[Problem statement] Repeat only the stretch of lines below that runs from the line with "Citroën DS4 - CROSSBACK" through the line with "Cognitive Psychology", unaltered.

[Input]
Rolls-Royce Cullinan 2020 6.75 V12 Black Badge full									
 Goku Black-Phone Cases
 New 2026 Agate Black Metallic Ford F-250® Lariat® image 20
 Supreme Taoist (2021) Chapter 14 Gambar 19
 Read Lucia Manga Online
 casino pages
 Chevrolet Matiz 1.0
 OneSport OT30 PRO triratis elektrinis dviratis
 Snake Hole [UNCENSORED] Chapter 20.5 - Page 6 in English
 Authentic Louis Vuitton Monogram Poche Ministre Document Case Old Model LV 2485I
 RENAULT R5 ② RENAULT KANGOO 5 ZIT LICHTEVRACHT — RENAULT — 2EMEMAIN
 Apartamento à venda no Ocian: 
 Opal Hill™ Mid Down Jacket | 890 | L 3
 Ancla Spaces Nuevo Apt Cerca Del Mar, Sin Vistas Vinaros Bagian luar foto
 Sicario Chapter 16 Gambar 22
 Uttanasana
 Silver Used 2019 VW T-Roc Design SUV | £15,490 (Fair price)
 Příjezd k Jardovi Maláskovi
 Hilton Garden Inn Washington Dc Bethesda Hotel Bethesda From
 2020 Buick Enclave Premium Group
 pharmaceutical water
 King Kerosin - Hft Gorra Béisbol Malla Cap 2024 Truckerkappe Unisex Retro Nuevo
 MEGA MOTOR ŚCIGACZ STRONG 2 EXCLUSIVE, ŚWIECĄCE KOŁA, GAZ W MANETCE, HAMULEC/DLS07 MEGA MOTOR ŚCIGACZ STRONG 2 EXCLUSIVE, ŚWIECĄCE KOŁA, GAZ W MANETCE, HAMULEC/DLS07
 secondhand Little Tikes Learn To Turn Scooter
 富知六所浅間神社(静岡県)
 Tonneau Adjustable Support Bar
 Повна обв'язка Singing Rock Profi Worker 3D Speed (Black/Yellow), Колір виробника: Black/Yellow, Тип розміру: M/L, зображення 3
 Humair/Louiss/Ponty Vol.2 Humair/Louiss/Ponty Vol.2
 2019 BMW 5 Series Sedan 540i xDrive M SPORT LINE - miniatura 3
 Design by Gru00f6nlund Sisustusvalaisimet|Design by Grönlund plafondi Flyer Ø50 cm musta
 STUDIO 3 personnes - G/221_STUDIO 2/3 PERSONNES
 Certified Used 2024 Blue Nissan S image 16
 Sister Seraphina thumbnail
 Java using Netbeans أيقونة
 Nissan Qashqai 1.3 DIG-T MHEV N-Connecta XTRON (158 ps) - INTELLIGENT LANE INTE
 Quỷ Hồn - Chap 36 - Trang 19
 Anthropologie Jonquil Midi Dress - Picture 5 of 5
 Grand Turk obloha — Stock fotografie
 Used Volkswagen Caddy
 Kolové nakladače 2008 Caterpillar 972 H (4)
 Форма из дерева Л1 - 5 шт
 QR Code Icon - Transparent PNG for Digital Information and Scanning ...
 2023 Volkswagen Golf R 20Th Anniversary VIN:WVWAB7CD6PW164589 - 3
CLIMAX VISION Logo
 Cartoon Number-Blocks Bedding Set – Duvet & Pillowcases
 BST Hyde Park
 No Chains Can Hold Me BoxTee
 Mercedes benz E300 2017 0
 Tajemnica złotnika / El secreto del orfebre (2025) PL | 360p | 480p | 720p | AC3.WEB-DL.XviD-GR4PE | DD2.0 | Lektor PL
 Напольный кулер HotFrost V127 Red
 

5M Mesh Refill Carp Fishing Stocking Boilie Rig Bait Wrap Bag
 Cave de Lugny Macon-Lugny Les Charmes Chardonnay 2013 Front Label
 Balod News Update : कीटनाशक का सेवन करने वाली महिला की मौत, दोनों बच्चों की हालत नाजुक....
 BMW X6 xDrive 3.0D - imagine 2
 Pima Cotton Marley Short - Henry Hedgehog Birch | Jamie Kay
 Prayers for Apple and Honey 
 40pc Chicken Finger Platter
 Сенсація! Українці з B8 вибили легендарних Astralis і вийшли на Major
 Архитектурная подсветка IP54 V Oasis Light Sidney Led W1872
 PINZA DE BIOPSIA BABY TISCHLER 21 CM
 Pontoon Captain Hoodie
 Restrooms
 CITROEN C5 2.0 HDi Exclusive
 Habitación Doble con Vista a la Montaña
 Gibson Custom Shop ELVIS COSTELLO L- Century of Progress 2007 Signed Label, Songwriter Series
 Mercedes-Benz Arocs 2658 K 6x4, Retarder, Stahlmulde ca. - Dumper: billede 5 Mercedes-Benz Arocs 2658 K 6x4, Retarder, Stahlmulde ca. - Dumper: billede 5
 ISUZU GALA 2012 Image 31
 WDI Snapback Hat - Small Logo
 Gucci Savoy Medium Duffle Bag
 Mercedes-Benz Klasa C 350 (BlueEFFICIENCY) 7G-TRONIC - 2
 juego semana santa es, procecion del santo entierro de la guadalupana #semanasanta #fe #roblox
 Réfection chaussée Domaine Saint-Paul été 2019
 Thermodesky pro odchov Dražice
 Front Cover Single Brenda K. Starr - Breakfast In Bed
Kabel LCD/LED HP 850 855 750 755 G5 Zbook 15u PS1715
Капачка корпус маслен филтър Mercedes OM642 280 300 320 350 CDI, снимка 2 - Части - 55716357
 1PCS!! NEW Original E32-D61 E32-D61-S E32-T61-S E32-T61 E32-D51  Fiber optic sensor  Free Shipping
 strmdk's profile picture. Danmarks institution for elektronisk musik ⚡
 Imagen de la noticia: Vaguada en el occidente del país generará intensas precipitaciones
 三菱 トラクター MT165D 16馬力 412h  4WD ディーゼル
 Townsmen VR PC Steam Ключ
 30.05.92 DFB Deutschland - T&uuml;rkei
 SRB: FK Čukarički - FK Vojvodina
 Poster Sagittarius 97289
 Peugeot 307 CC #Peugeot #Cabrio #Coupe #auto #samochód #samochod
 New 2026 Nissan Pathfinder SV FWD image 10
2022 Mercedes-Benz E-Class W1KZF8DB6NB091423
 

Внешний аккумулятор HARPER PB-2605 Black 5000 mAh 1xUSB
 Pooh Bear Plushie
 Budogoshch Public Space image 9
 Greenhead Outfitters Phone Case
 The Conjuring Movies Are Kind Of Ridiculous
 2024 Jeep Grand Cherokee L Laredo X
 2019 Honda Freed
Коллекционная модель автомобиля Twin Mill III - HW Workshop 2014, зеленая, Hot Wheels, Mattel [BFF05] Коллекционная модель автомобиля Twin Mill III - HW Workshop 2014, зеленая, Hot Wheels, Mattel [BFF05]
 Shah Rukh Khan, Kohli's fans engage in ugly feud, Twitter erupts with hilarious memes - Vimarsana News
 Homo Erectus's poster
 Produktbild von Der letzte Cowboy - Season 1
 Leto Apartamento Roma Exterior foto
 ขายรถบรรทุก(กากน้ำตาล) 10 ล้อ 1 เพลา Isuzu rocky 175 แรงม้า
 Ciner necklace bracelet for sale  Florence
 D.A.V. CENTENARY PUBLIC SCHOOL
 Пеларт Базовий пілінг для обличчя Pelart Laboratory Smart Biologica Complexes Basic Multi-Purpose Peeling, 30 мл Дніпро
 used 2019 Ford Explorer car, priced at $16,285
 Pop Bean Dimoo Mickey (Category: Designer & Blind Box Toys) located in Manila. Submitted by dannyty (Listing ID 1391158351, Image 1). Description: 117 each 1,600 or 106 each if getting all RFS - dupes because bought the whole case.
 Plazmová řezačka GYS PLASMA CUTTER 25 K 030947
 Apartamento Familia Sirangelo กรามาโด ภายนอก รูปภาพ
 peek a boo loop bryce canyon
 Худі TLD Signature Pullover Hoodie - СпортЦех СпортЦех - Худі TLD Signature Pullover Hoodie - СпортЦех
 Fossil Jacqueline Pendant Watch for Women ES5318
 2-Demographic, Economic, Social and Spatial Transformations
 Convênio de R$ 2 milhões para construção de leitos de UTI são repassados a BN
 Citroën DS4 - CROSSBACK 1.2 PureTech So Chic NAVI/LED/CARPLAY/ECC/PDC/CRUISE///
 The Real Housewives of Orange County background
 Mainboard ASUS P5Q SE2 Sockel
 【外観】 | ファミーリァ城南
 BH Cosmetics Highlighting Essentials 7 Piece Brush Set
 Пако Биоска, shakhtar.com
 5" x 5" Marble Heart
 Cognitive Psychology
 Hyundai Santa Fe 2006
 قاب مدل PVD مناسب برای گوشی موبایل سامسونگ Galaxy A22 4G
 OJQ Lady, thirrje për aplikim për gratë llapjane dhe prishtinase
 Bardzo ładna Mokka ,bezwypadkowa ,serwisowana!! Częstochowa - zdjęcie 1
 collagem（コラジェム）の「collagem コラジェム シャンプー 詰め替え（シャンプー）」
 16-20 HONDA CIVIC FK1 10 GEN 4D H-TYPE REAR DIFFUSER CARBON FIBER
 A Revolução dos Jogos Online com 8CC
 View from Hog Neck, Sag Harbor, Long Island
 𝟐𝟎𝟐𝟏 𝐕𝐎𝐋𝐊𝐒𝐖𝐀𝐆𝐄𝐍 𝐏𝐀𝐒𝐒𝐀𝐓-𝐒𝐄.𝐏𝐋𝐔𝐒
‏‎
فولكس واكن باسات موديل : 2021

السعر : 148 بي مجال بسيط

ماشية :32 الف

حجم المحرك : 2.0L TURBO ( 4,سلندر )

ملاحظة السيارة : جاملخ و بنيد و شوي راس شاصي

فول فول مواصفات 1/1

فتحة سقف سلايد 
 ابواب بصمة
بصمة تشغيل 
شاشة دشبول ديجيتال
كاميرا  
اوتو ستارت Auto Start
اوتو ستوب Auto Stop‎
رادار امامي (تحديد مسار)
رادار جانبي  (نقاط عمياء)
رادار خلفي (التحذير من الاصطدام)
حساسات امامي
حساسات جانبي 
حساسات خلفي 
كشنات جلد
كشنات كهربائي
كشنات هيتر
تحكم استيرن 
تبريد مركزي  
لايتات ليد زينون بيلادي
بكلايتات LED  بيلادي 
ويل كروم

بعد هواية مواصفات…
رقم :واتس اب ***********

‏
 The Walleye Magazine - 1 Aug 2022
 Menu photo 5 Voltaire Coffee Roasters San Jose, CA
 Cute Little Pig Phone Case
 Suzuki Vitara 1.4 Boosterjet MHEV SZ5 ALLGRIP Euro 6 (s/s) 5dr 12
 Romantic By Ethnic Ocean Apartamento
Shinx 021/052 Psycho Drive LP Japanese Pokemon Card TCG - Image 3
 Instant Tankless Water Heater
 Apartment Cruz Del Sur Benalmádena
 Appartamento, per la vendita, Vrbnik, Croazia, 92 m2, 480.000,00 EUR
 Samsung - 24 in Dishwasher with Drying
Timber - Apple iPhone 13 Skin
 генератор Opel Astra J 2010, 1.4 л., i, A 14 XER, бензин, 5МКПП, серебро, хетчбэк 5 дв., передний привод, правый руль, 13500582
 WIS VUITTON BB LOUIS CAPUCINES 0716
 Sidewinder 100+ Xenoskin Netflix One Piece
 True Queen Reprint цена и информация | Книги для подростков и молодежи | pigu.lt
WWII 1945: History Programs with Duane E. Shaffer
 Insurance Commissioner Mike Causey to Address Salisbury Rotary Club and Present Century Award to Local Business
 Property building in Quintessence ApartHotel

[Problem solution]
 Citroën DS4 - CROSSBACK 1.2 PureTech So Chic NAVI/LED/CARPLAY/ECC/PDC/CRUISE///
 The Real Housewives of Orange County background
 Mainboard ASUS P5Q SE2 Sockel
 【外観】 | ファミーリァ城南
 BH Cosmetics Highlighting Essentials 7 Piece Brush Set
 Пако Биоска, shakhtar.com
 5" x 5" Marble Heart
 Cognitive Psychology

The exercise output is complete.